Der Mobile Recruiting Funnel bildet damit einen wichtigen Teil des gesamten Recruiting-Funnels ab: den Weg vom Anzeigenklick bis zur qualifizierten Bewerbung.
 

Candidate Journey

Die Candidate Journey nimmt stärker die Perspektive der Kandidaten ein. Sie betrachtet sämtliche Erfahrungen und Kontaktpunkte mit dem Unternehmen – vom ersten Eindruck bis zum Onboarding.
 
Der Recruiting-Funnel misst also, wie Menschen durch den Prozess gelangen. Die Candidate Journey untersucht, wie sie diesen Weg erleben.
 
Beide Perspektiven gehören zusammen. Zahlen zeigen, wo Kandidaten abspringen. Die Candidate Journey hilft zu verstehen, warum sie an dieser Stelle aussteigen.
 

Warum ein Recruiting-Funnel sinnvoll ist

Der Funnel ist kein isoliertes Werkzeug, sondern ein Bestandteil einer übergeordneten Recruiting-Strategie, in der Zielgruppen, Arbeitgeberangebot, Kanäle und interne Prozesse aufeinander abgestimmt werden.
 
Viele Unternehmen betrachten Recruiting-Maßnahmen noch isoliert:

  • Wie viele Klicks hat eine Anzeige erzeugt?
  • Wie viele Bewerbungen sind eingegangen?
  • Wie hoch waren die Werbekosten?

Diese Zahlen liefern erste Hinweise, erklären aber noch nicht, wie gut der gesamte Prozess funktioniert.
 
Ein Recruiting-Funnel verbindet die einzelnen Phasen miteinander. Dadurch lassen sich beispielsweise folgende Fragen beantworten:

  • Erreicht die Kampagne genügend Menschen aus der Zielgruppe?
  • Erzeugt die Anzeige ausreichend Interesse?
  • Passt das Versprechen der Anzeige zur Landingpage?
  • Finden Interessierte die benötigten Informationen?
  • Beginnen genügend Besucher eine Bewerbung?
  • An welcher Frage wird der Prozess besonders häufig abgebrochen?
  • Wie viele abgeschlossene Bewerbungen erfüllen die Mindestanforderungen?
  • Wie schnell werden geeignete Kandidaten kontaktiert?
  • Wie viele Gespräche führen zu einem Angebot?
  • Welche Kanäle erzeugen tatsächliche Einstellungen?

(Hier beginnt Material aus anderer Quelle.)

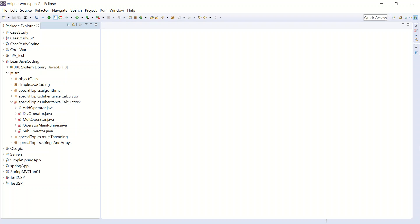In our previous two lessons, we already seen how object-oriented programming works by using a class and extending an existing class. Today, we're going to look at how object-oriented programming works by using something called an interface.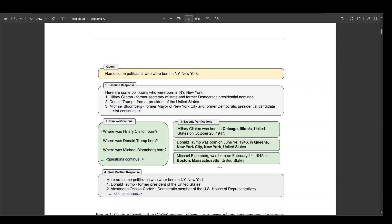Ashley, and Jason try to see if the new method of Chain of Verification can reduce these hallucinations. In their early findings, they found that Chain of Verification, or the COVE method, can really reduce the amount of hallucination in LLMs.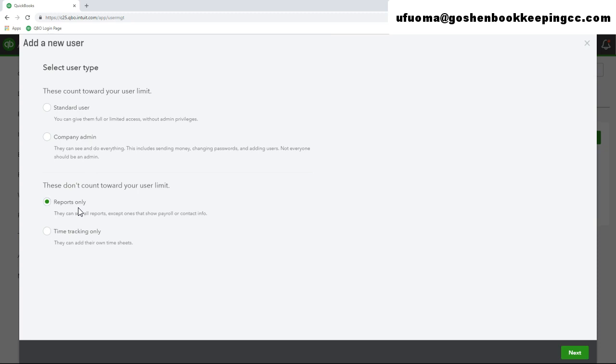If you are using QuickBooks Online payroll service, you can set up the time tracking user type. The time tracking only user logs into a different special version of QuickBooks Online that allows them to be able to enter their own timesheets.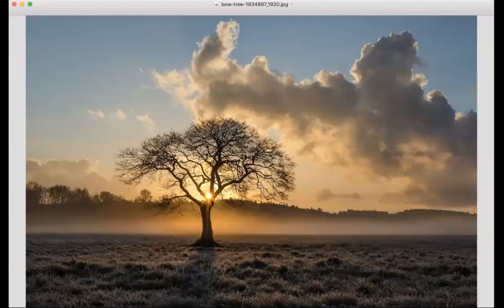You notice that this tree doesn't seem to mind if it's a nice sunny day or if it's really windy and rainy. Its trunk is stable because it's got deep roots that go down into the earth.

So wird aus einzelnen Recruiting-Aktivitäten ein messbarer Gesamtprozess.
 

Die Phasen eines Recruiting-Funnels

Für die praktische Analyse lässt sich der Funnel in sieben übergeordnete Phasen unterteilen.

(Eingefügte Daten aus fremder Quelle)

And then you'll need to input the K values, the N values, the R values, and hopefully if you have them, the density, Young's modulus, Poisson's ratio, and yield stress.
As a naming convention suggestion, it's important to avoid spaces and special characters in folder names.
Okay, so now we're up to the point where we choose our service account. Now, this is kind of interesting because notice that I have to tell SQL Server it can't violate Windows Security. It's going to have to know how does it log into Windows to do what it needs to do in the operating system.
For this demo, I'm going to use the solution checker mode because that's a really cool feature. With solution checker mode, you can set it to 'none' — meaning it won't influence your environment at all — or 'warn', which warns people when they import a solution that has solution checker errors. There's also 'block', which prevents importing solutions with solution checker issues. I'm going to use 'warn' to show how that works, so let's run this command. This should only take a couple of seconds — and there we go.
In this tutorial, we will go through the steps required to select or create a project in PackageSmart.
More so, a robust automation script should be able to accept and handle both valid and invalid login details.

1. Aufmerksamkeit und Reichweite

In der ersten Phase erfahren potenzielle Kandidaten von der offenen Stelle oder vom Unternehmen als Arbeitgeber. Über Social Media Recruiting lassen sich auch Fachkräfte erreichen, die nicht aktiv nach einer neuen Stelle suchen, aber grundsätzlich offen für einen Wechsel sind. Recruiting mit Google Ads eignet sich dagegen besonders dazu, Menschen anzusprechen, die bereits aktiv nach einer Stelle, einem Beruf oder einem Arbeitgeber in ihrer Region suchen.
 
Mögliche Kontaktpunkte sind:

  • Stellenportale,
  • Social-Media-Anzeigen,
  • organische Social-Media-Beiträge,
  • Google Ads,
  • Suchmaschinen und Google for Jobs,
  • Active Sourcing,
  • Mitarbeiterempfehlungen,
  • regionale Medien,
  • die Karriereseite des Unternehmens.

Die Aufgabe dieser Phase besteht darin, die richtige Zielgruppe mit einer relevanten Botschaft zu erreichen.
 
Eine hohe Reichweite allein ist kein Qualitätsmerkmal. Wird die Anzeige überwiegend Personen ausgespielt, die fachlich, regional oder hinsichtlich ihrer Wechselbereitschaft nicht passen, entstehen Streuverluste. Mit Recruiting Analytics lassen sich die einzelnen Funnel-Stufen, Abbruchstellen, Bewerberquellen und Kosten systematisch auswerten.
 
Wichtige Kennzahlen dieser Phase sind:

  • Impressionen,
  • erreichte Personen,
  • Häufigkeit der Ausspielung,
  • Klickrate,
  • Kosten pro Klick,
  • Suchanfragen oder Zielgruppensegmente.

Typische Ursachen für schwache Ergebnisse

Eine niedrige Klickrate kann darauf hindeuten, dass:

  • die falsche Zielgruppe erreicht wird,
  • die Stellenbezeichnung unverständlich ist,
  • das Angebot zu allgemein formuliert wurde,
  • relevante Wechselmotive fehlen,
  • Bild oder Video nicht ausreichend Aufmerksamkeit erzeugen,
  • Standort oder Arbeitsbedingungen unklar bleiben.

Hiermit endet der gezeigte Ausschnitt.